Lol, I know, I'm just messing.  I'm still not really sure myself but after my video interview with Entropic I figured ILE is most likely.

I said I'm drawn to them _unconsciously_, not actively like you said. I only noticed it was happening because of the theory. I worry for what would have happened otherwise, lol. I could easily be unconsciously drawn to an ESI, for instance. :shocked: I guess it's good that I don't care to build "deep" relationships with people or whatever, I just socialize and come home, lol.


----------



## Graveyard (Oct 23, 2015)

counterintuitive said:


> Lol, I know, I'm just messing.  I'm still not really sure myself but after my video interview with Entropic I figured ILE is most likely.
> 
> I said I'm drawn to them _unconsciously_, not actively like you said. I only noticed it was happening because of the theory. I worry for what would have happened otherwise, lol. I could easily be unconsciously drawn to an ESI, for instance. :shocked: I guess it's good that I don't care to build "deep" relationships with people or whatever, I just socialize and come home, lol.
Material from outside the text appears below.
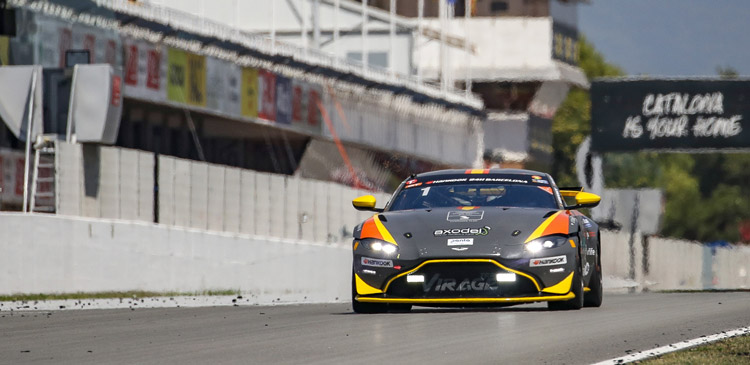 You are currently viewing Impressive work of Team Virage during the 24hrs of Barcelona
I know you are. This should be evident, but don't take me too seriously. If I seem offended, I most likely am not. ;P

True, true. I can't quite explain what I want to say, but let's just keep it at "unconsciously attracted to", okie? 

Oh you're such a social grace, aren't you?

Well, I think we've went way too far with derailing here, don't you agree? We're going to get a warning or something.


----------



## Jeremy8419 (Mar 2, 2015)

Captain Mclain said:


> Dual have same strength of dimension of function as your conflict but conflictors fight until only few things they can agree on while duality merge.
> 
> That be the difference. x)


Your Vital is all your "personal" stuff that's basically set in stone. Your mental is all the stuff you can consciously process through in the social sphere. Unless your conflictor just has a really similar background to you, the two of you won't be able to socially adapt to each others personal individuality.


----------